3. Vikings — I remember watching the first episode, and Dayna not being enthralled, which led to me saying, “We don;t have to keep watching it.” Thank goodness we did, as it has become one of our favorite shows, which I think was solidified watching season 2 on our way to and back from Iceland last summer. Ragnar Lothbrok has moved into my Top 5 characters of all-time, and many of the other characters (Floki and Lagertha, for example) are almost as great. Ragnar’s death in season 4 was as powerful a scene as I’ve ever witnessed, and although I wasn’t sure how the show would progress without him, so far, it’s been pretty good. Ivar looks to be a great replacement, and I’m still interested to see what happens with Bjarne, Lagertha and Rollo.
2. The Office — I’ve watched this show through at least three times now, and I still find something new to laugh at each time. Michael Scott is a great character, but the dynamic between Jim and Dwight is what made the show for me. The interaction of those two characters is something to behold. Of course, there is also the Jim and Pam storyline, as well as the Michael/Holly storyline. Plus, the secondary characters (especially Andy, Craig, and Kevin) provided some amazing moments. It got a bit stale toward the end, and Will Farrell added almost nothing to the show, but still one of the funniest shows I’ve ever watched. If you haven’t seen this show, check out the following episodes: “Diversity Day” and “The Dundies” from season 1, “Sexual Harassment”, “Booze Cruise”, “The Secret” and “Casino Night” from season 2, “Safety Training” from season 3, “Dinner Party from season 4, “Threat Level Midnight” and “Goodbye. Michael” from season 7, “Dwight Christmas” from season 9, and the series finale.

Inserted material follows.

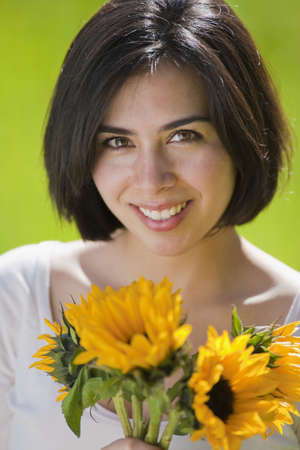 beautiful, young Hispanic woman in a grassy meadow holding flowersの写真素材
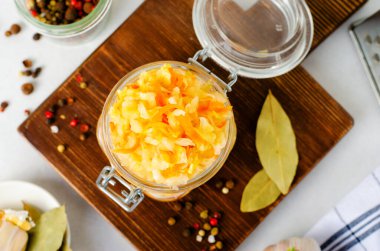 Sauerkraut, Shredded cabbage, apples, and carrots on bright rustic background, Healthy Eating, Fermented Food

1. 24 —Perhaps the only show I made an effort to watch every week during its run, 24 is the best show I’ve seen. The writing wasn’t as solid as The West Wing, let’s say, but no character has been more dynamic than Jack Bauer. For better or for worse, that’s who I see Kiefer Sutherland as in every role (I’m still waiting for him to go Jack Bauer on people in Designated Survivor). Season 1 is superb but seasons 3 and 4 are absolute genius. And while most shows are stale by the end, the “Live Another Day” final season was a great way for it to end. I have yet to (and likely won’t) watch the 24 reboot that’s on now, but if Jack Bauer ever returns, I’ll be watching for sure.